Re: [RFC PATCH] vhost, mm: make sure that oom_reaper doesn't reap memory read by vhost
From: Michal Hocko
Date: Sun Jun 19 2016 - 17:35:59 EST
On Sat 18-06-16 03:09:02, Michael S. Tsirkin wrote:
> On Fri, Jun 17, 2016 at 11:00:17AM +0200, Michal Hocko wrote:
[...]
> > It seems that vhost usage would suffer from this problem because
> > it reads from the userspace to get (status) flags and makes some
> > decisions based on the read value. I do not understand the code so I
> > couldn't evaluate whether that would lead to some real problems so I
> > conservatively assumed it wouldn't handle that gracefully.
>
> Getting an error from __get_user and friends is handled gracefully.
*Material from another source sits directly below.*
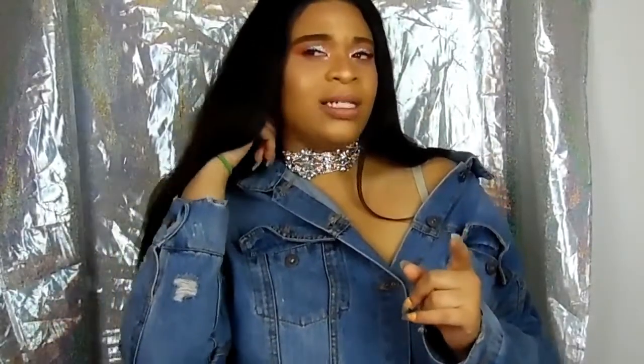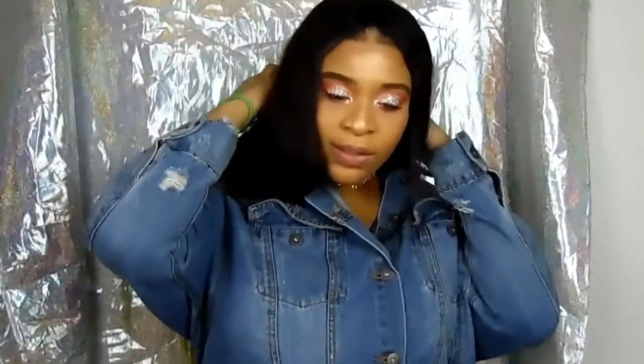Hey you guys, what's up, it's your girl Dolly Roman. Before we get into what this video is about, can we just talk about how popular this glitter eye is? I went live on Facebook Live doing this glitter eye — this is my first time ever putting actual glitter on my eyes. If you guys follow my personal Facebook page, you should be able to see it. I actually posted it.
> Getting zero instead of a real value will cause userspace
> memory corruption.
OK, thanks for the confirmation! I will add this to the changelog. I
assume that the memory corruption could "leak out" of the mm we just
read from, right? I am asking because the mm and all its users will die
by SIGKILL so they will not "see" the corruption. I am not familiar with the
vhost transfer model but I guess it wouldn't be uncommon if the target
memory could be a shared object (e.g. tmpfs or a regular file) so it
would outlive the mm.
[...]
> > @@ -1713,7 +1713,7 @@ bool vhost_enable_notify(struct vhost_dev *dev, struct vhost_virtqueue *vq)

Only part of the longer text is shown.